La sua approvazione ha sollevato un coro di sdegno e di condanne a livello internazionale.
Tra i primi a reagire gli Stati Uniti – importante partner commerciale e donatore, nonché azionista chiave della Banca mondiale – che a giugno hanno limitato la concessione di visti d’ingresso per alcuni funzionari.
Contro la legge era intervenuta anche la Open for Business Coalition, che riunisce colossi economici come Google e Microsoft. I quali però non hanno poi messo in atto misure sanzionatorie.
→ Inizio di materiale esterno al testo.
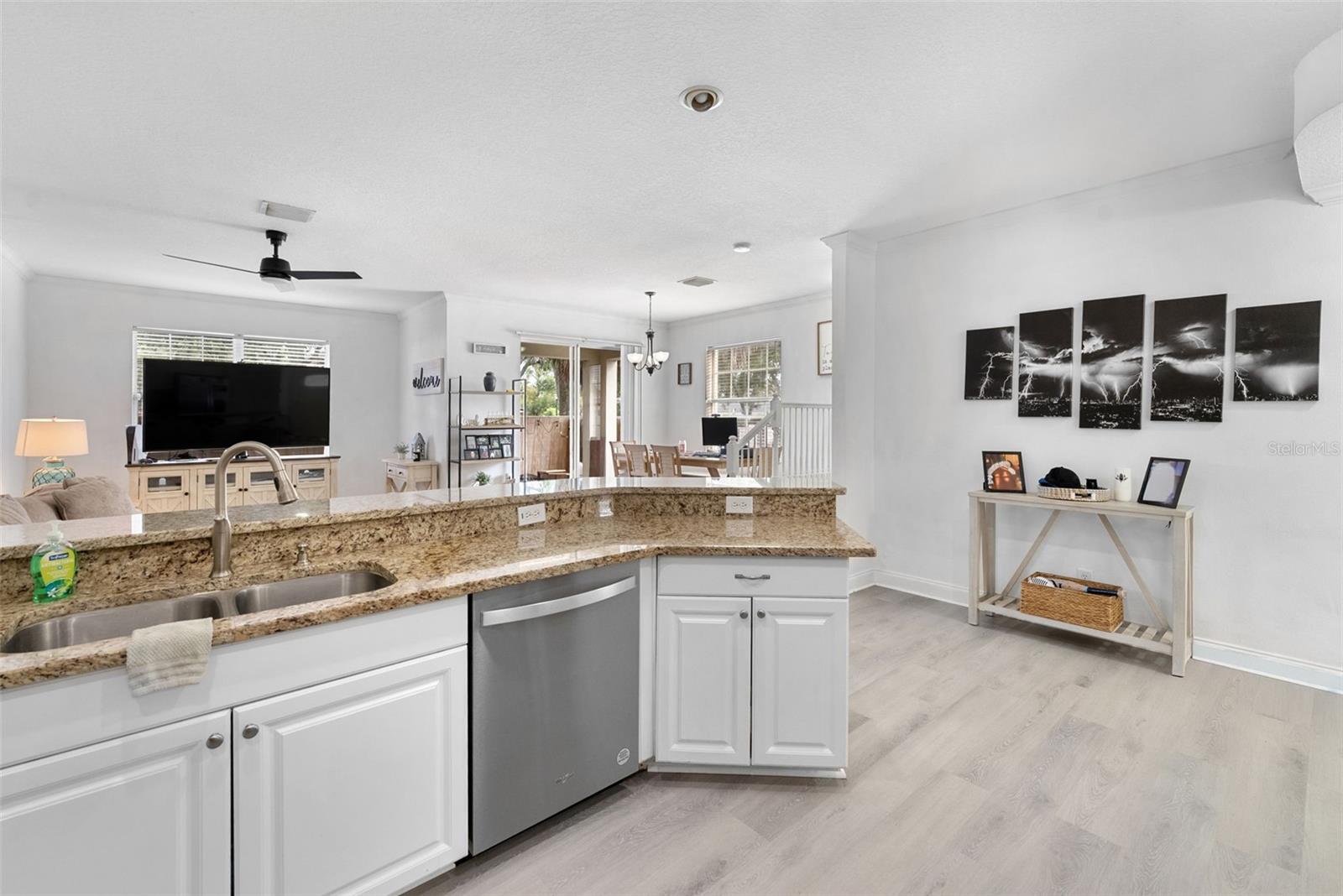 MEADOWS AT LARGO - Residential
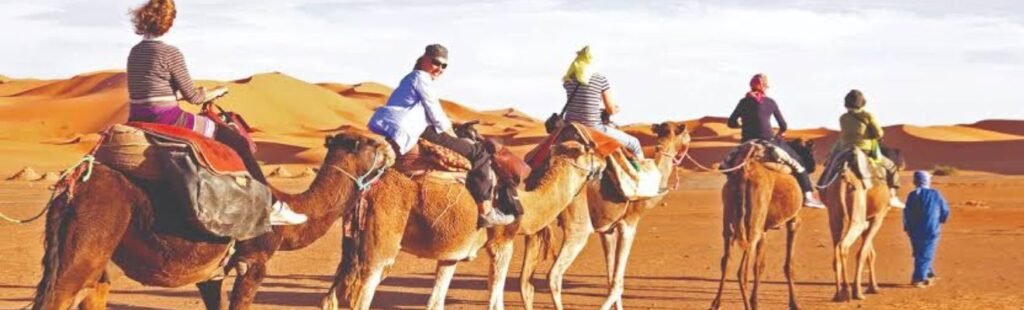 Camel Tour Dubai, evening desert camp setup.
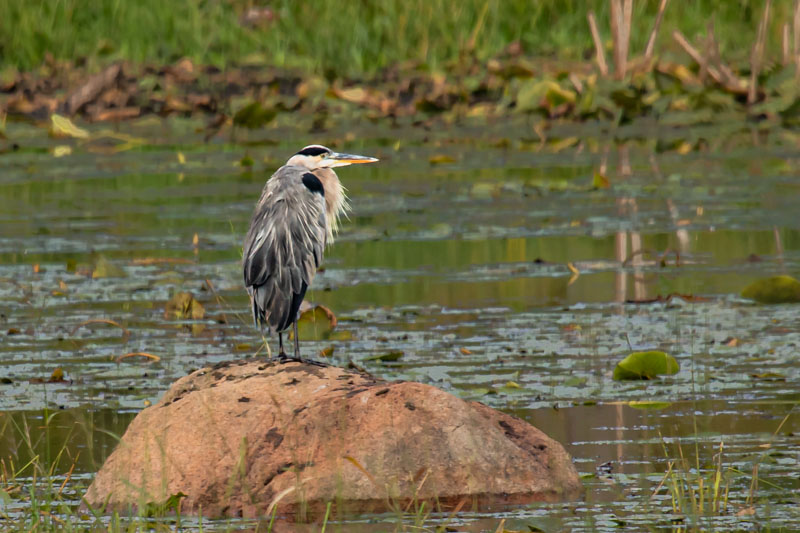 Great Blue Heron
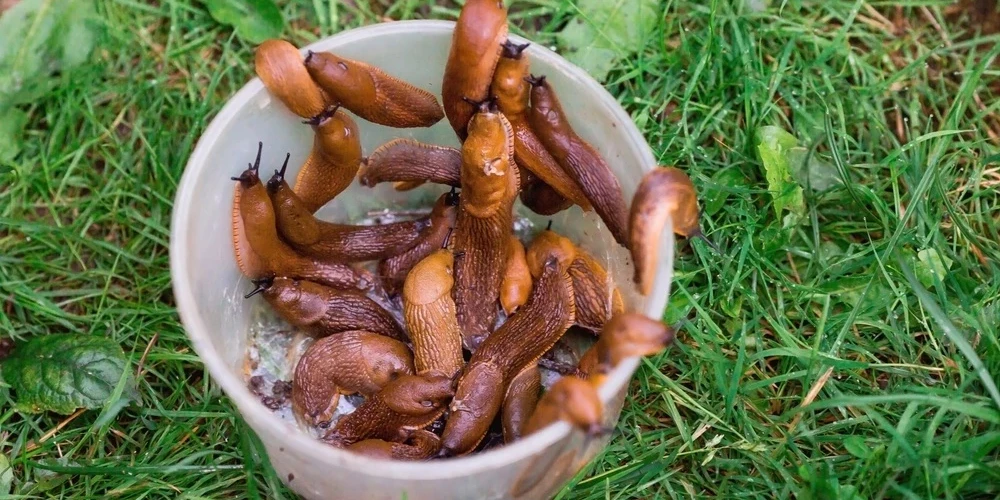 Вредное животное.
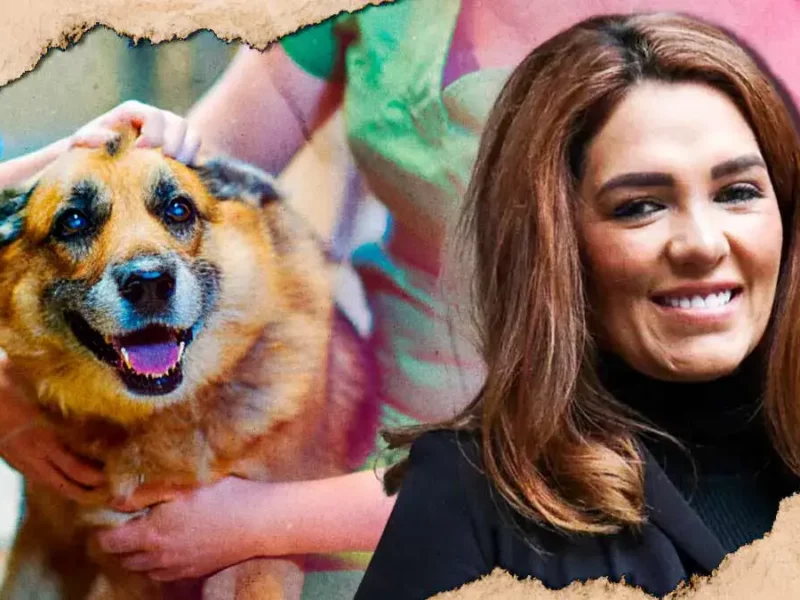 Gobierno de Alejandro Armenta ha rescatado 147 especies víctimas de maltrato animal en Puebla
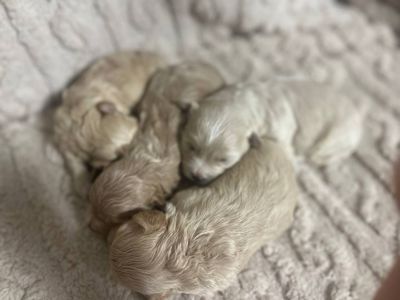 Дітки модної дизайнерської породи Мальтіпу F1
La decisione della Banca mondiale di bloccare i finanziamenti è frutto anche della pressione esercitata sul nuovo presidente Ajay Banga – insediato due mesi fa e al quale Nigrizia ha dedicato un approfondimento -, da parte di 170 gruppi civici che sollecitavano “azioni specifiche, concrete e tempestive”.
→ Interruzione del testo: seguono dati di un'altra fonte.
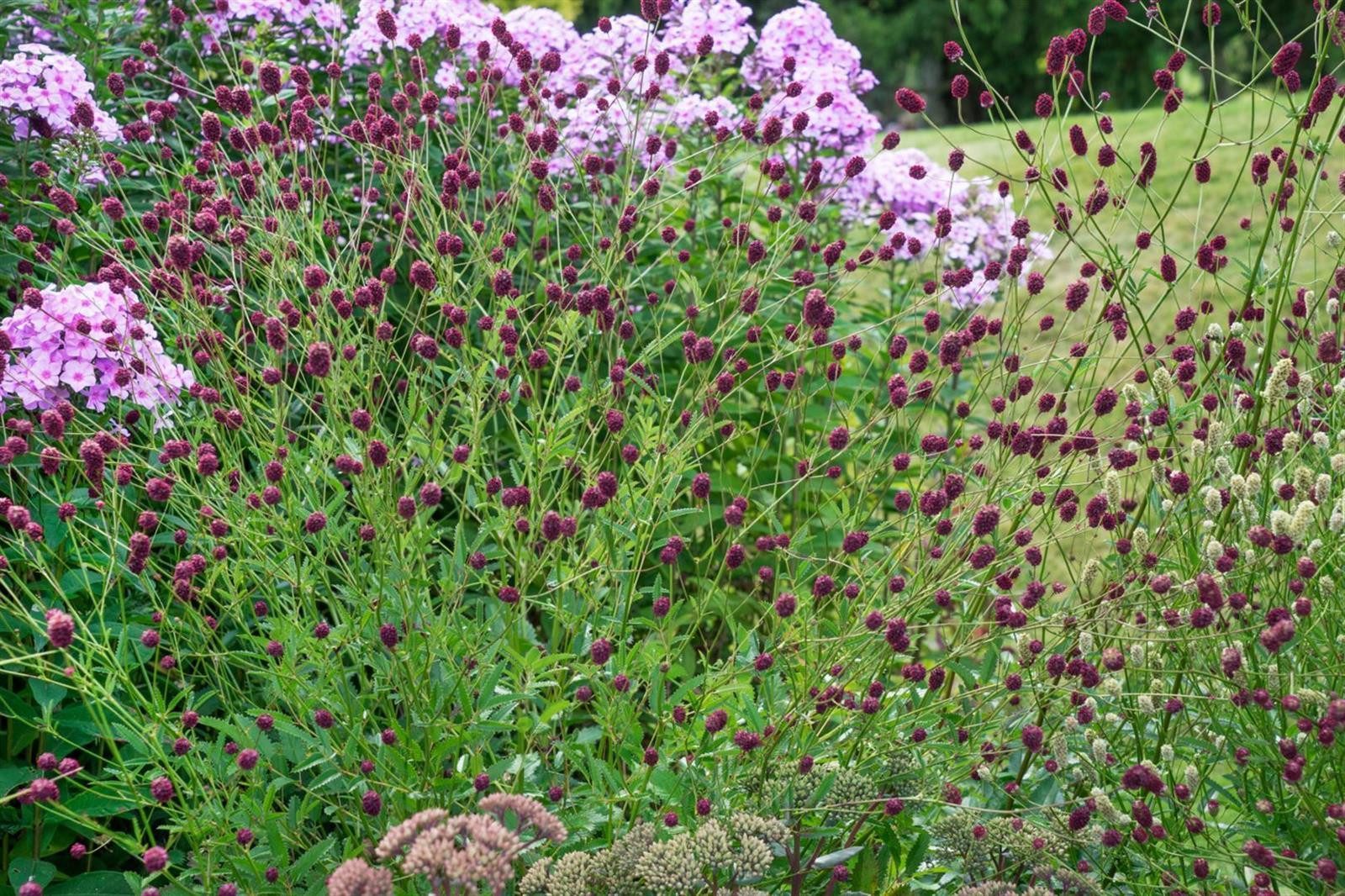 Pflanzen für Dich Staude Sanguisorba off. Tanna, 1 St., Großer Wiesenknopf, Blutwurz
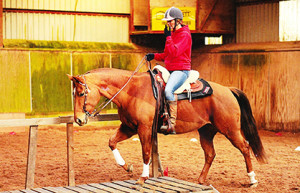 Annabelle Russell and Matts Golden Star. Photo provided by AQHA UK.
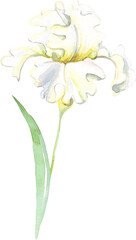Watercolor iris flower. Hand-painted illustration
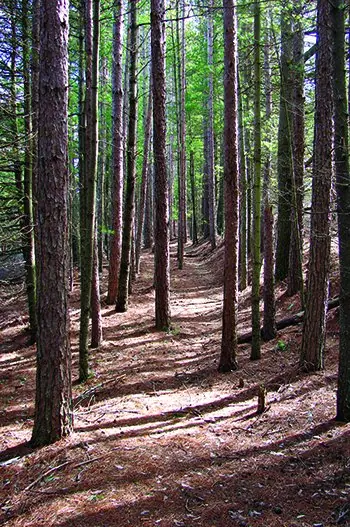 Caminar: una meditación ambulante para el hombre actual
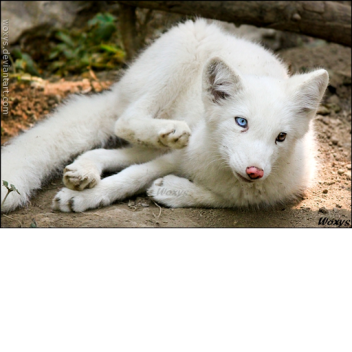 Frozen Hunt (Updated and Improved!)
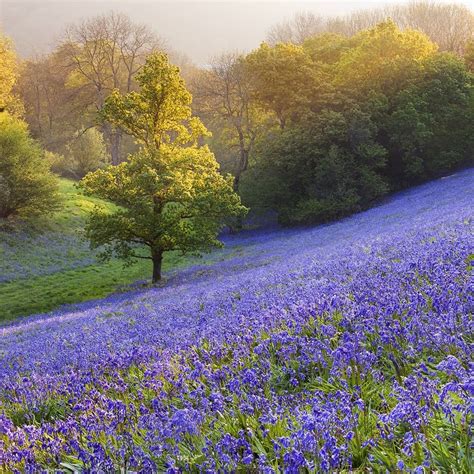 Bluebells in Minterne Magna, Dorset, England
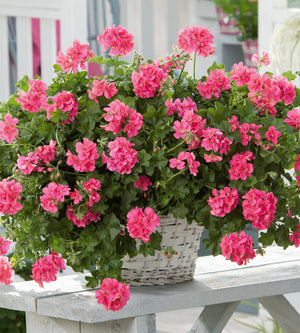 Riippapelargoni 'Linda' 3 kpl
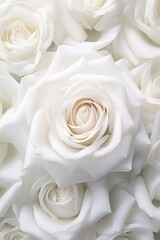 Close up view of a bunch of white roses. Perfect for wedding invitations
La Banca mondiale ha comunque affermato di aver avviato trattative con Kampala per spingere le autorità a riconsiderare la legge.
E che un team della Banca ha parlato con i funzionari ugandesi di “misure aggiuntive necessarie per garantire che i progetti siano attuati in linea con gli standard ambientali e sociali” dell’istituto.
Istituto che però fino ad oggi ha continuato a finanziare Museveni e il suo regime, ignorando bellamente le gravissime violazioni dei diritti umani – arresti e detenzioni arbitrarie, torture, sparizioni forzate e omicidi – operate da decenni nei confronti di dissidenti e oppositori.
Una campagna di repressione culminata di recente con la cacciata dell’Alto commissariato delle Nazioni Unite per i diritti umani (OHCHR) dal paese.